*DATA RECORDS:*

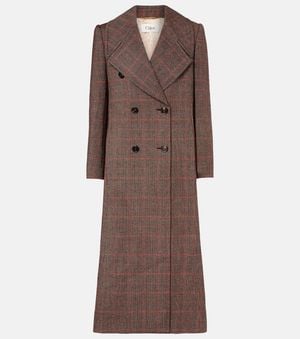Chloé Checked Double-Breasted Virgin Wool Coat - Brown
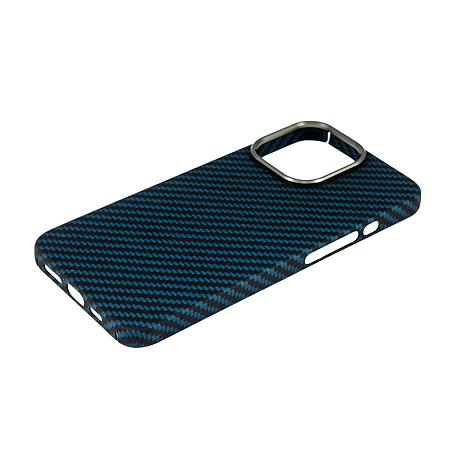 Клип-кейс (накладка) K-DOO Kevlar для Apple iPhone 13 Pro кевлар, чёрно-синий (полоска) - 3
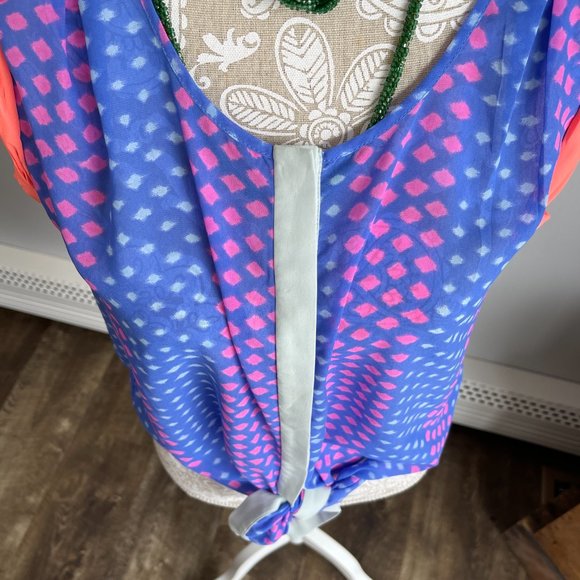 Women’s American Eagle blue and orange tie front tank top size medium. - Picture 3 of 7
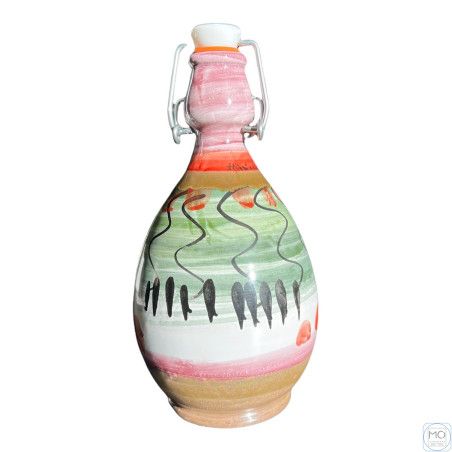 Hand painted ceramic bottle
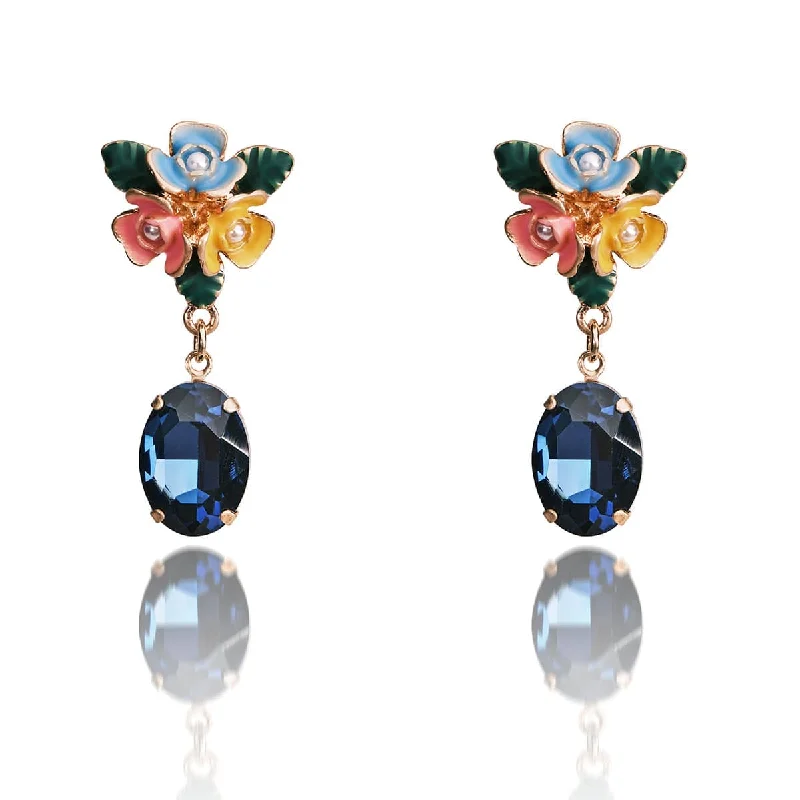 Beautiful Diamond Earrings for Women-Hand painted stone dangle earrings : Sapphire Blue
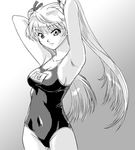  armpits arms_up artist_request breasts covered_navel greyscale medium_breasts monochrome name_tag one-piece_swimsuit sawachika_eri school_rumble school_swimsuit sideboob solo swimsuit twintails 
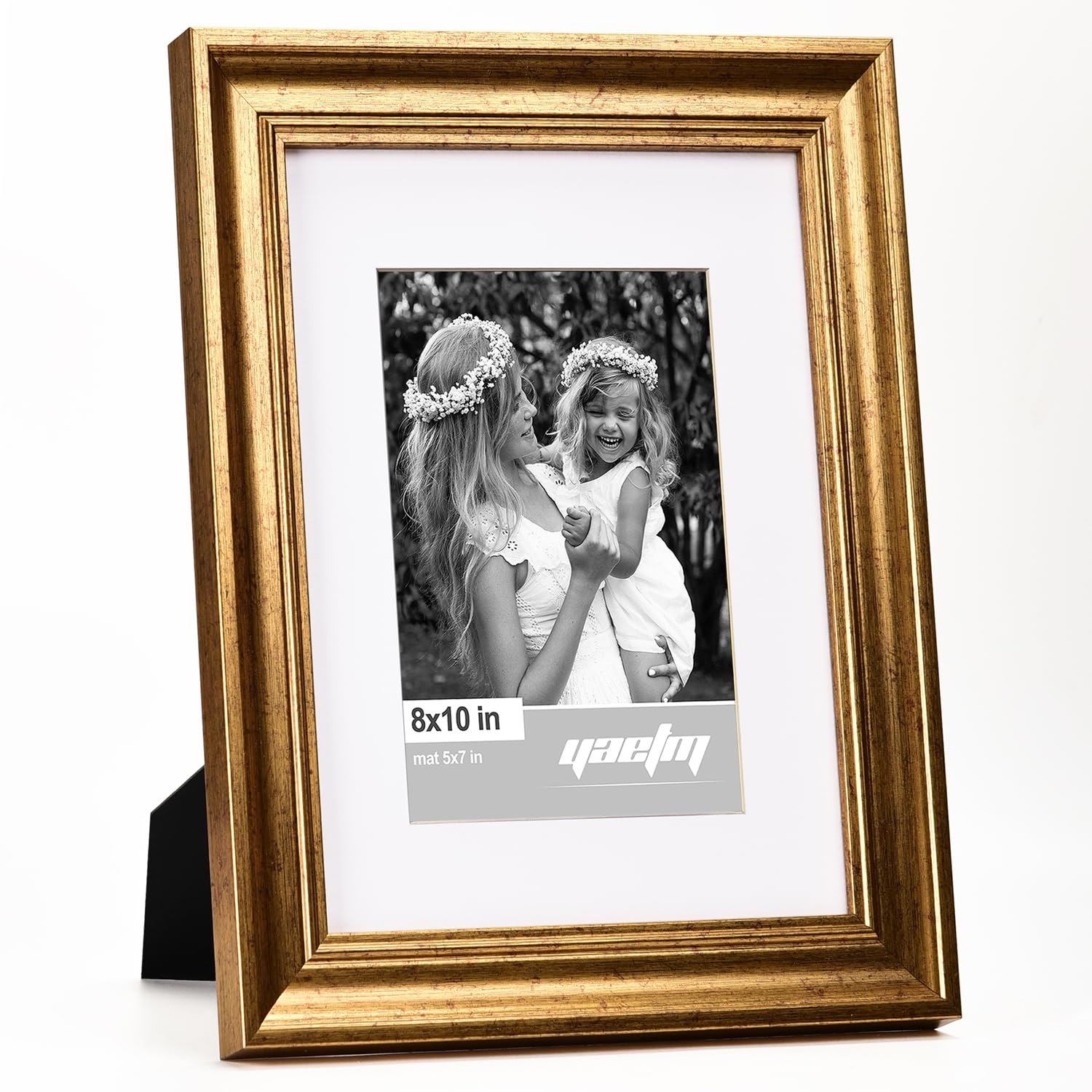 Yaetm frame with 4.5x6.5 inch mat opening fits a 5x7 photo.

*AIM OF THE TASK:* Set down every entry above exactly as written, but skip the pictures.

*RESPONSE TO THE EXERCISE:*
Chloé Checked Double-Breasted Virgin Wool Coat - Brown
 Клип-кейс (накладка) K-DOO Kevlar для Apple iPhone 13 Pro кевлар, чёрно-синий (полоска) - 3
 Women’s American Eagle blue and orange tie front tank top size medium. - Picture 3 of 7
 Hand painted ceramic bottle
 Beautiful Diamond Earrings for Women-Hand painted stone dangle earrings : Sapphire Blue
  armpits arms_up artist_request breasts covered_navel greyscale medium_breasts monochrome name_tag one-piece_swimsuit sawachika_eri school_rumble school_swimsuit sideboob solo swimsuit twintails 
 Yaetm frame with 4.5x6.5 inch mat opening fits a 5x7 photo.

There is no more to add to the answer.